Unfortunately, in this case it took several days to repair the landline service. As we approach the summer bushfire season events like this highlight what an unsatisfactory risk is posed to my community if we do not improve our mobile phone services. I urge the community of Gippsland to prepare early for this year’s bushfire season. Nothing takes the place of extensive preparation and development of your own bushfire survival plan to protect your family and property.
I also hasten to add that members of a community should not rely on the emergency alert system that the government has rolled out across Australia at a cost of about $26 million. I am not condemning that system in any way whatsoever; I am simply making the point that you should not depend on it completely. Also, do not expect to receive timely advice in an emergency situation, because some of the most bushfire prone areas in my electorate are those that have the worst mobile phone coverage and the emergency alert text system that has been rolled out will not reach many people in the Gippsland area.
As the system is developed further—and there are plans that messages will be able to be sent based on the location of the mobile phone—it will be critical that mobile phone black spots are eliminated in many of these regional areas I have talked about.
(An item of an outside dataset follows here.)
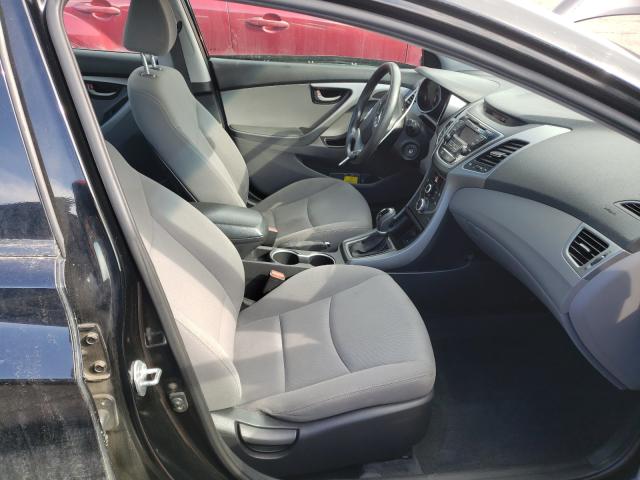 Photo 4 VIN: KMHDH4AE8EU150848 - HYUNDAI ELANTRA SE 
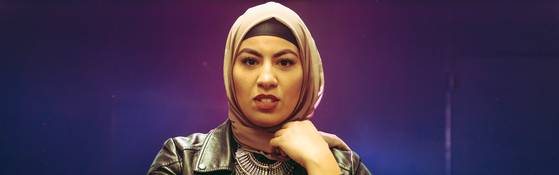 ´´Meisjes met een hoofddoek zijn echt aan het doorbreken´´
From some of the national parks around the Latrobe Valley, to the Grampians in the high country and to some of the more remote coastal areas in Gippsland, the areas with the worst mobile phone coverage are the most likely to be affected by bushfires this summer. It would be illogical to keep spending money on expanding and improving the emergency alert system without also investing in infrastructure to fix the mobile phone black spots in regional areas like Gippsland.
On a completely unrelated point it has come to my attention that one of our attendants, Amy Constable, will be leaving us in a couple of days. Amy was just in the chamber a few moments ago. She is going to study in Leeds for six months. We wish her well. She has been a great asset to the parliament.